Our position was enviable last year. We had low deaths, outbreaks that were tough but managed well by the states, especially Victoria. But while that was happening, the government didn't do two jobs. It didn't shift from temporary hotel quarantine to secure, purpose-built quarantine, and it didn't plan how to get a jab in everyone's arm. Complacency, incompetence, a sense of being bulletproof, stubbornness or all four—who knows? All we know for sure is that the hard work getting a mix of vaccines and making sure there were different ways of getting them to different populations just didn't happen. It doesn't matter how many times you channel our Olympic victories and achievements at the Olympics, if you haven't done the hard yards, you won't even make the final.
That's where we are now with the vaccination rollout. In my area, there are hundreds of people trying to get an appointment and struggling to find one. There are people following the advice, 'Go and get vaccinated now.' They're trying; they are really trying. The first hurdle is to find availability. The cumbersome online system that the government set up means that many people are falling back into phoning around to GPs. That's just the extra load that GPs don't need.
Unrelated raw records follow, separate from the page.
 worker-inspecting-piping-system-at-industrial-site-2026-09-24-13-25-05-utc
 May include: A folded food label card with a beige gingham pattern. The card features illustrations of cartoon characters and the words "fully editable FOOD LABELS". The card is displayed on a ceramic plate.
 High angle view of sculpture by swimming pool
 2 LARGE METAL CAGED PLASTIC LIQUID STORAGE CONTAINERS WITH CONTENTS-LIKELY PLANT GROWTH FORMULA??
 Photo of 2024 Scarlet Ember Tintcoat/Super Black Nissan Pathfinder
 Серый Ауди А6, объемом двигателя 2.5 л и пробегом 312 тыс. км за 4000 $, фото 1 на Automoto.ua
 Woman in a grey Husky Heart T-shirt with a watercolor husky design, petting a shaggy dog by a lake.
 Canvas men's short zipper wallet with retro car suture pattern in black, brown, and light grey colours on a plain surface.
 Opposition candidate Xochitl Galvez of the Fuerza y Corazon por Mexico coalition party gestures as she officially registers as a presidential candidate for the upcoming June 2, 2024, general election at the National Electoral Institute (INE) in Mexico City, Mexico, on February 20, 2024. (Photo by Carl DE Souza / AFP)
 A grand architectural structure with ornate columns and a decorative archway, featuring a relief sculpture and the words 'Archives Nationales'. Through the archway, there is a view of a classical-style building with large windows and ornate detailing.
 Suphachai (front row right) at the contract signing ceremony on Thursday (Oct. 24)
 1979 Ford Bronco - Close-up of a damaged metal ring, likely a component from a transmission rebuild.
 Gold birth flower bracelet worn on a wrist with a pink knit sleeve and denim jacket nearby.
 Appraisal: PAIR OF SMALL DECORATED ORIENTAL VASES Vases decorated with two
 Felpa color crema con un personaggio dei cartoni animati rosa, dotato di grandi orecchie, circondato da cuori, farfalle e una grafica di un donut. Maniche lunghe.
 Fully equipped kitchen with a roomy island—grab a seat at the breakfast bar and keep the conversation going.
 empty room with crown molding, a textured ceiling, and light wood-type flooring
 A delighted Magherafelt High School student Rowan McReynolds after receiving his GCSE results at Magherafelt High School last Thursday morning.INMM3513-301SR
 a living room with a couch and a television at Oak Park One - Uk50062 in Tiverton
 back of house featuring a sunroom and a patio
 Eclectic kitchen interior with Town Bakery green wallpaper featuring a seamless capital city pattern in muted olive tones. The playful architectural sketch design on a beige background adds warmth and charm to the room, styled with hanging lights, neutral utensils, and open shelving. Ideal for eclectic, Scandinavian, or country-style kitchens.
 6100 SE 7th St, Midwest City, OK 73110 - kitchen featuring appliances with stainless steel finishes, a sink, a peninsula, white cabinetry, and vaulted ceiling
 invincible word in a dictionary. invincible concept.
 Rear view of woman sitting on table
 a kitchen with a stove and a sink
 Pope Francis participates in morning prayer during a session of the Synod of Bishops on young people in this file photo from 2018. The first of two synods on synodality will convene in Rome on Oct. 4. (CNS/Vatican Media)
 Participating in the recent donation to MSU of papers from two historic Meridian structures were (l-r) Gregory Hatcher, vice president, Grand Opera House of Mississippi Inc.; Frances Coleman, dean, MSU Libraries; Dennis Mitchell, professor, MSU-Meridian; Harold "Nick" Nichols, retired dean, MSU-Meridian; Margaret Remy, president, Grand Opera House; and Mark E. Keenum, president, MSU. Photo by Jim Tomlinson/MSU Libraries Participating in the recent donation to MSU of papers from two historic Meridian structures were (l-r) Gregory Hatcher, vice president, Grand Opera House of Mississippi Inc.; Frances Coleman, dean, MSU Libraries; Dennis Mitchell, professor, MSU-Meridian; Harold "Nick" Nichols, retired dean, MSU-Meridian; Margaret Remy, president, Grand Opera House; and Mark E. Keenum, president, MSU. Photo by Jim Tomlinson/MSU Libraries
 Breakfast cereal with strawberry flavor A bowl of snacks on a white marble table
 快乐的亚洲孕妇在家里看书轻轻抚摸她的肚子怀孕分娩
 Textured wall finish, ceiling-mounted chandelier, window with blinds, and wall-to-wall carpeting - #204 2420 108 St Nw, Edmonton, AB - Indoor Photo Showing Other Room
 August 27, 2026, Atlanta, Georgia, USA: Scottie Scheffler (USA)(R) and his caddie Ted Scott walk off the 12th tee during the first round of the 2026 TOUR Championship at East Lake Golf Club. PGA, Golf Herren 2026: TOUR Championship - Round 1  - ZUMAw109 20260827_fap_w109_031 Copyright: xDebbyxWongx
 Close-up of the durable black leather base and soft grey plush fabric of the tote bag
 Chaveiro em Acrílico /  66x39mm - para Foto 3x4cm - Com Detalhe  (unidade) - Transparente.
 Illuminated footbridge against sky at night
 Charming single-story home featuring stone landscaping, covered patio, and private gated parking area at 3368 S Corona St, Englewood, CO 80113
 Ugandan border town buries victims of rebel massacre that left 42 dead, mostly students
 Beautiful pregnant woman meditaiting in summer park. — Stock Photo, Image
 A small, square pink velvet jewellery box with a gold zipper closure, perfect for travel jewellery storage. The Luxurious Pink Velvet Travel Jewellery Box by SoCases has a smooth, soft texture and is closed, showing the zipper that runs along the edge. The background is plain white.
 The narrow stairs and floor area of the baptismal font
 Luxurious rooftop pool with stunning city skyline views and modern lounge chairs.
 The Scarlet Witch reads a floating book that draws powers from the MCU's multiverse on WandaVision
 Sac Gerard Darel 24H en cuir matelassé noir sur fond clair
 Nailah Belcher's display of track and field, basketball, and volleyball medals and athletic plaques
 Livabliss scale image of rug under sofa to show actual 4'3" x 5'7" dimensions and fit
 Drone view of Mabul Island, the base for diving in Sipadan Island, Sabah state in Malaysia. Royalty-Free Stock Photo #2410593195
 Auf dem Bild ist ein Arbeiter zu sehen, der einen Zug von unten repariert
This is no reflection on our GPs, who have put up their hands and are doing all they can with the limited supply and capacity they have. The promise of pharmacies hasn't eventuated. There is no delivery through pharmacies. The booking system that they've created is as effective as their COVID tracking app. Remember that? People are turning to Facebook with appeals for somewhere that will vaccinate before October. Teachers are desperate to get vaccinated before they have to teach face to face in the hotspots. These are the people who want to do the right thing. But the problem is, of course, supply; we all know it. We have never had enough supply—no contingency, no room for error. What we are seeing in Sydney, on our worst day of COVID, is a failed vaccine rollout. We need mobile services in the mountains; we need our own hub. That's what will give people hope. Until then, we don't have any.